- Muzaffarpur West subdivision Location in Bihar, India Muzaffarpur West subdivision Muzaffarpur West subdivision (India)
- Coordinates: 26°07′32″N 85°22′51″E﻿ / ﻿26.1254251°N 85.3807348°E
- Country: India
- State: Bihar
- Division: Tirhut
- District: Muzaffarpur district
- Headquarters: Muzaffarpur
- Time zone: UTC+5:30 (IST)

= Muzaffarpur West subdivision =

Administrative subdivision in Muzaffarpur district, Bihar, India

Muzaffarpur West subdivision is one of the two administrative subdivisions of Muzaffarpur district in the Indian state of Bihar. It is part of the Tirhut. The Sub-Divisional Officer (SDO), Muzaffarpur (West) is the administrative head of the subdivision and is responsible for revenue administration, implementation of development programmes and maintenance of law and order.

==Geography==
Muzaffarpur West subdivision lies to the west of the city of Muzaffarpur. The coordinates given in the infobox indicate the approximate location of the Sub-Divisional Office (West). The subdivision covers agricultural plains and semi-urban localities that form part of the Muzaffarpur urban agglomeration.

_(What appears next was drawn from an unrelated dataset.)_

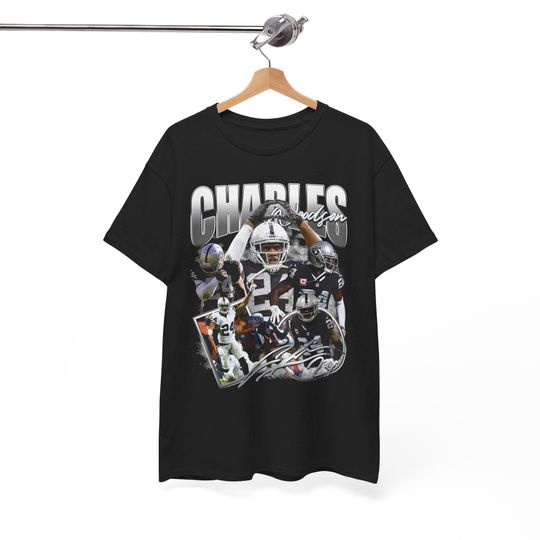 Charles Woodson Oakland Raiders Vintage T-Shirt with Maxx Crosby Davante Adams Howie Long Jack Jones Bo Jackson Coach AP Madden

==Administrative divisions==
According to the official district administration, Muzaffarpur district is divided into two subdivisions, East and West. The Muzaffarpur West subdivision consists of the following seven Community Development Blocks:

- Kanti
- Kurhani
- Marwan
- Paroo
- Sahebganj
- Motipur (also referred to as Baruraj in some records)
- Saraiya

==Governance and administration==
The Sub-Divisional Office (SDO), Muzaffarpur (West) administers the subdivision. The SDO is responsible for land and revenue matters, coordination of development schemes, and supervision of block-level officers. Official notices and tenders issued by the SDO (West) are published on the district website.

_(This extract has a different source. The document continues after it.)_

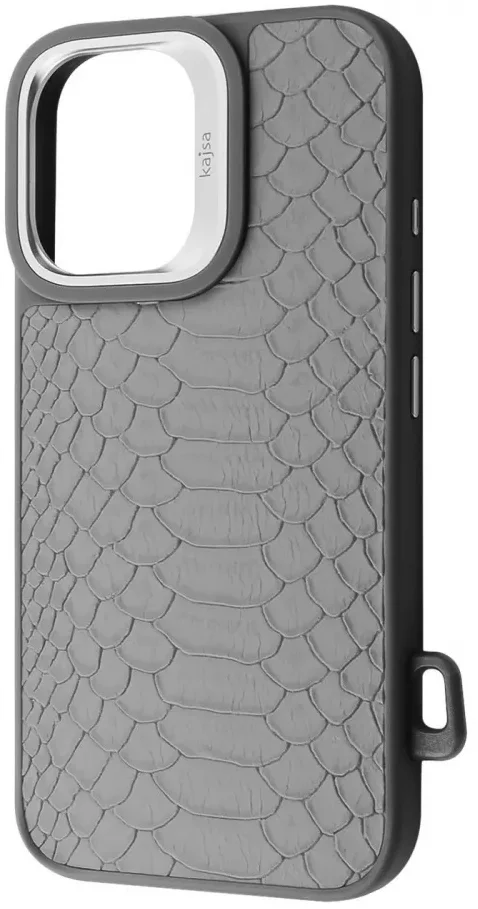 

Kajsa Snake Pattern with Magnetic Ring Light Gray для iPhone 16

The district telephone directory provides official contact numbers for the SDO (West) and other officers of the district administration. Emergency and nodal contacts, including those of the subdivision, are also listed on the district website.

==Demographics==
Population and socio-economic data for Muzaffarpur West subdivision are recorded in the District Census Handbook (Muzaffarpur) prepared by the Census of India. The 2011 Census provides block-level figures, shown in the table below:

Population of blocks in Muzaffarpur West subdivision (2011 Census)
| Block | Population (2011) |
|---|---|
| Kurhani | 435,676 |
| Motipur (Baruraj) | 406,795 |
| Paroo | 361,662 |
| Saraiya | 331,651 |
| Kanti | 272,858 |
| Sahebganj | 241,438 |
| Marwan | 164,858 |

Additional details on literacy, sex ratio, household amenities and village-level data are available in Part A (Village and Town Directory) and Part B (Primary Census Abstract) of the District Census Handbook (Muzaffarpur).

==Economy and agriculture==
Agriculture is the primary occupation across the rural blocks of the subdivision. The district is well known for litchi cultivation, and the Census Handbook records details of agricultural practices, land use and household livelihoods.

==Infrastructure and transport==
Road networks connect the block headquarters of the subdivision to Muzaffarpur city and neighbouring districts. Railway stations in areas such as Kanti and Motipur provide regional connectivity. Information on public utilities and transport services is maintained by the district administration.